** Task requirements **
Transcribe exactly, please, the line bearing "Covid-19-Medikament kommt" and all later lines through the end of the records, with the pictures left out.
═════ Given records
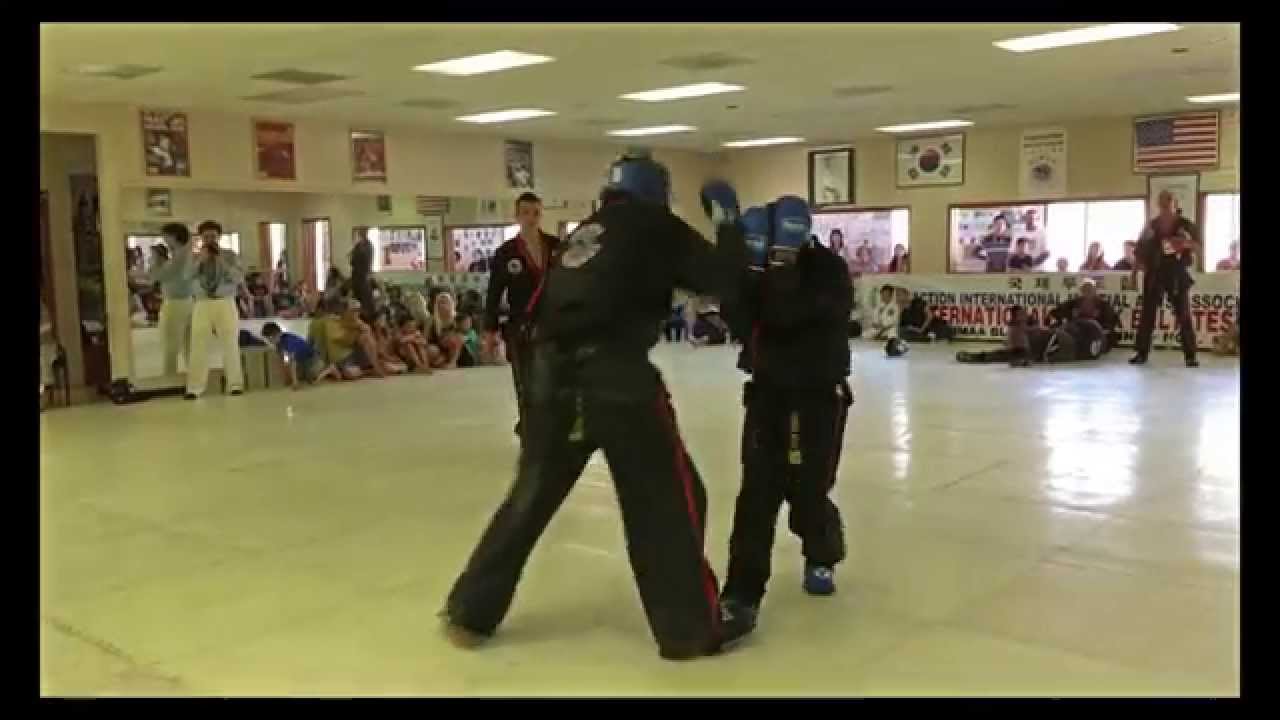 AIMAA 2015 Intl. Black Belt Testing - 07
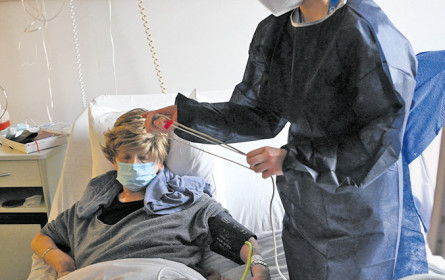 Covid-19-Medikament kommt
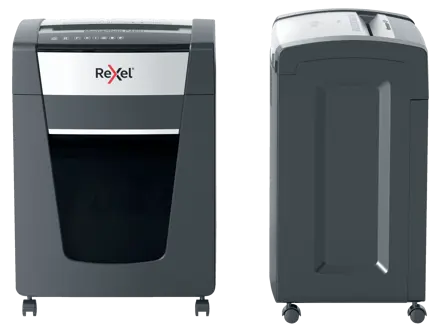 Rexel Momentum Extra P420+ Jam Free Cross Cut Paper Shredder P4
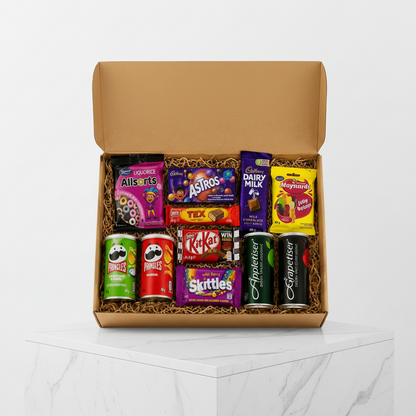 The Ultimate Treat snack Box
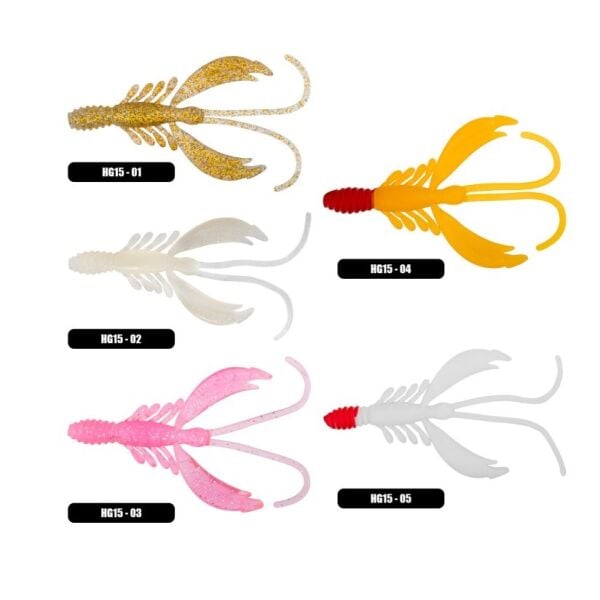 Effe Twister Trail HG15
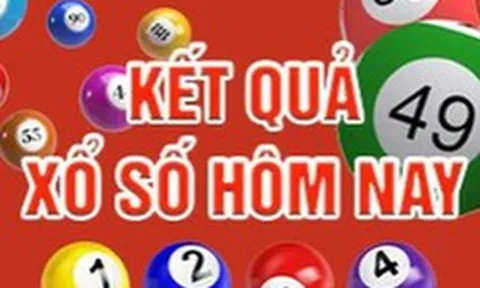 Kết quả xổ số hôm nay, 3-4: Xổ số miền Nam - Vĩnh Long, Bình Dương, Trà Vinh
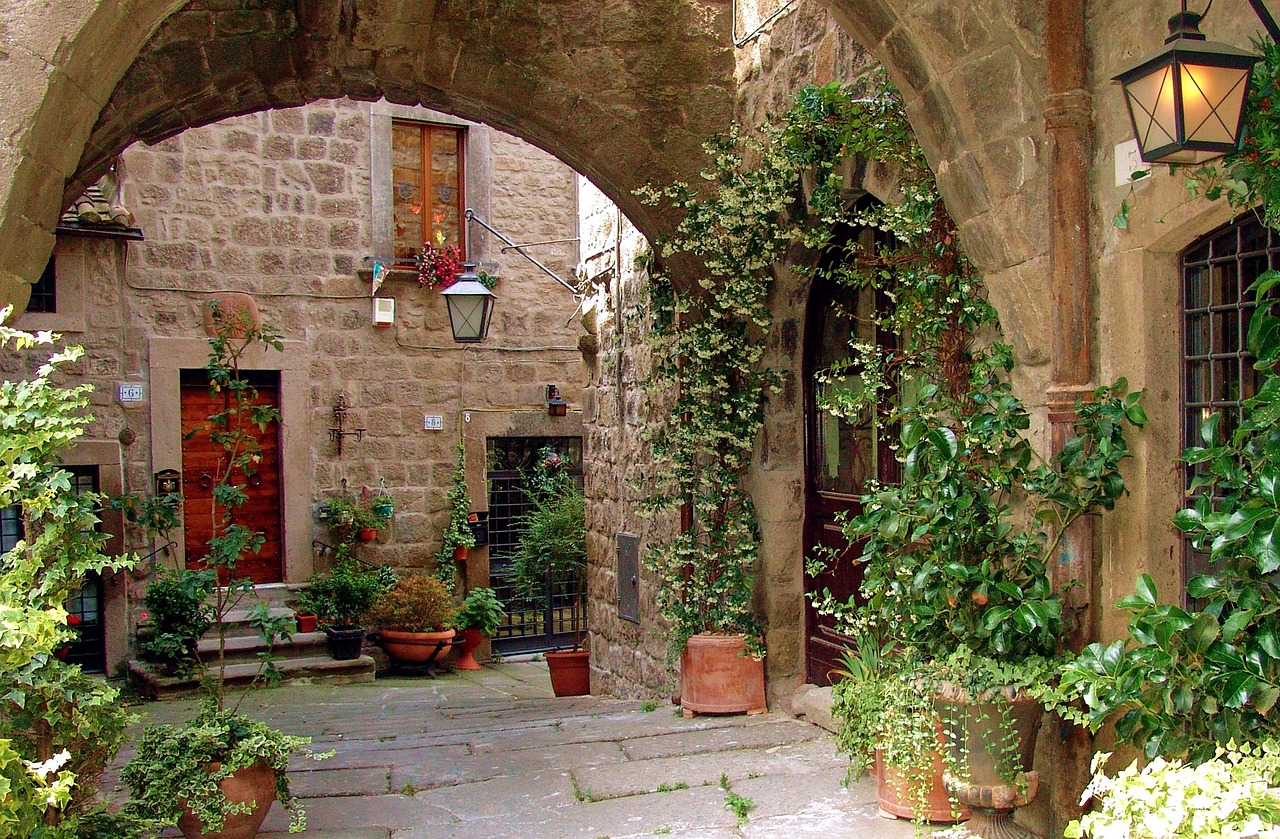 Historic and Culinary Delights of Viterbo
══════════
** Result **
 Covid-19-Medikament kommt
 Rexel Momentum Extra P420+ Jam Free Cross Cut Paper Shredder P4
 The Ultimate Treat snack Box
 Effe Twister Trail HG15
 Kết quả xổ số hôm nay, 3-4: Xổ số miền Nam - Vĩnh Long, Bình Dương, Trà Vinh
 Historic and Culinary Delights of Viterbo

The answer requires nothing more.